SURROGATE MODELING OF COMPLEX SYSTEMS USING ADAPTIVE HYBRID FUNCTIONS

This paper explores the effectiveness of the recently developed surrogate modeling method, the Adaptive Hybrid Functions (AHF), through its application to complex engineered systems design. The AHF is a hybrid surrogate modeling method that seeks to exploit the advantages of each component surrogate. In this paper, the AHF integrates three component surrogate models: (i) the Radial Basis Functions (RBF), (ii) the Extended Radial Basis Functions (E-RBF), and (iii) the Kriging model, by characterizing and evaluating the local measure of accuracy of each model.
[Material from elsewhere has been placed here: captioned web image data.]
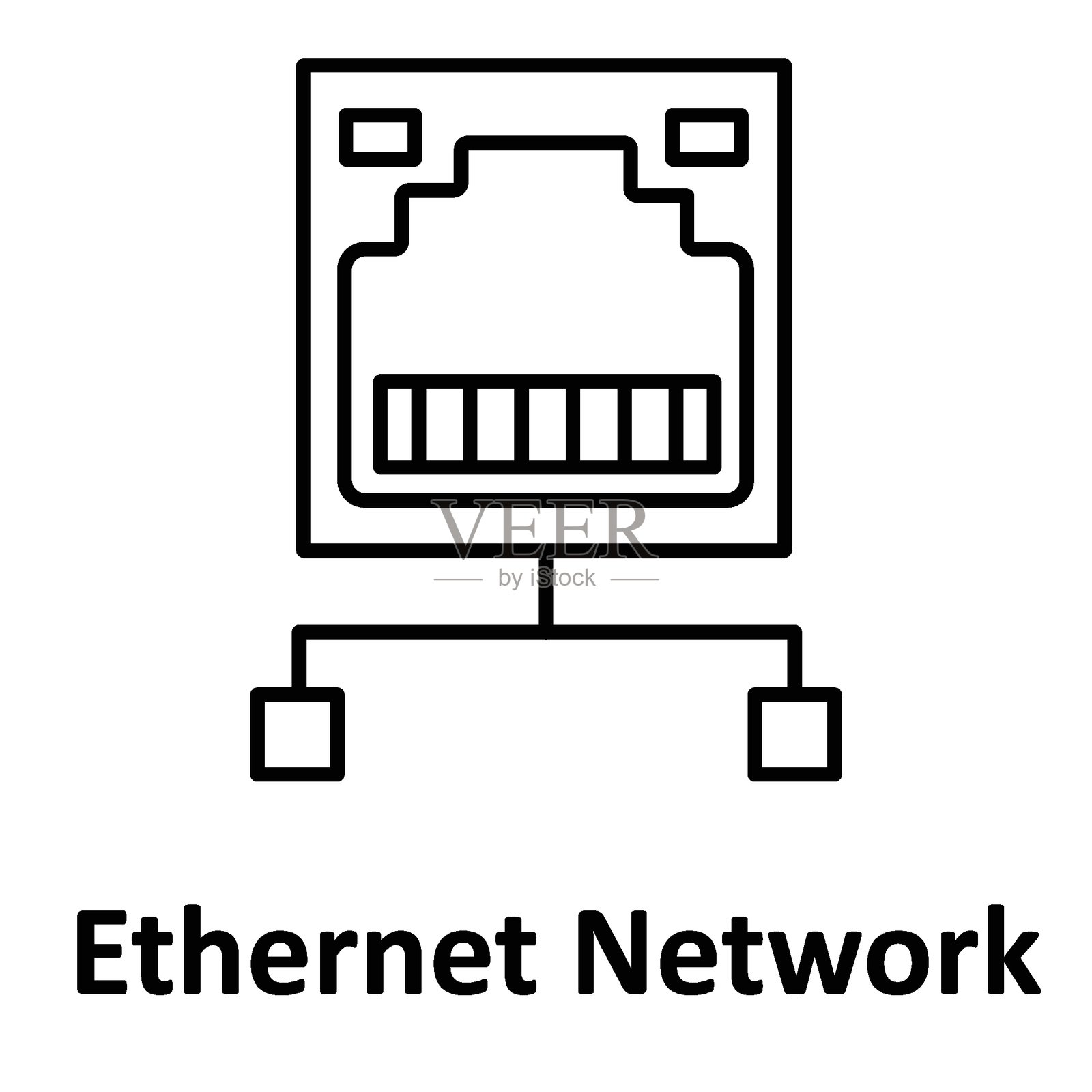 以太网网络矢量图标，易于修改或编辑插画图片素材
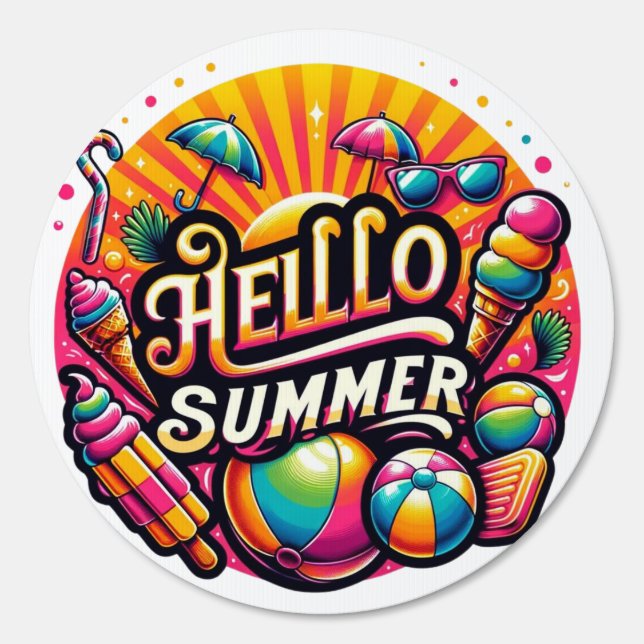Hello Summer Vibrant outdoor Sign (Front)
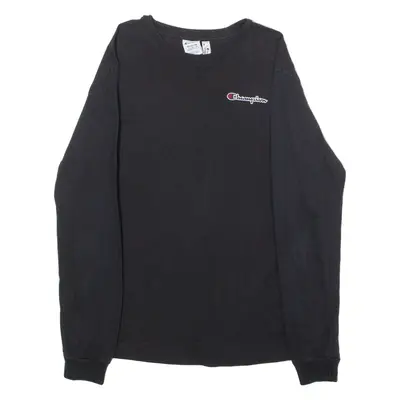 CHAMPION Mens T-Shirt Black Long Sleeve Crewneck M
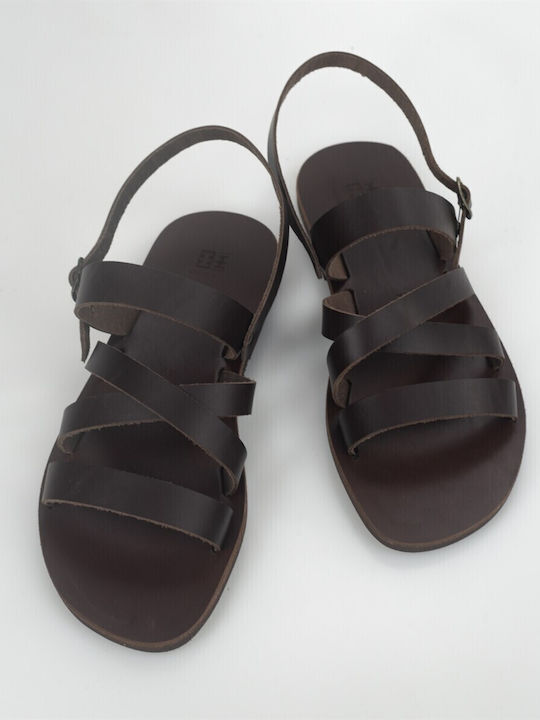 ΞΞ Leder Herrensandalen in Braun Farbe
The AHF is applied to model complex engineering systems and an economic system, namely: (i) wind farm design; (ii) product family design (for universal electric motors); (iii) three-pane window design; and (iv) onshore wind farm cost estimation. We use three differing sampling techniques to investigate their influence on the quality of the resulting surrogates. These sampling techniques are (i) Latin Hypercube Sampling (LHS), (ii) Sobol's quasirandom sequence, and (iii) Hammersley Sequence Sampling (HSS). Cross-validation is used to evaluate the accuracy of the resulting surrogate models. As expected, the accuracy of the surrogate model was found to improve with increase in the sample size. We also observed that, the Sobol's and the LHS sampling techniques performed better in the case of high-dimensional problems, whereas the HSS sampling technique performed better in the case of low-dimensional problems. Overall, the AHF method was observed to provide acceptable-to-high accuracy in representing complex design systems.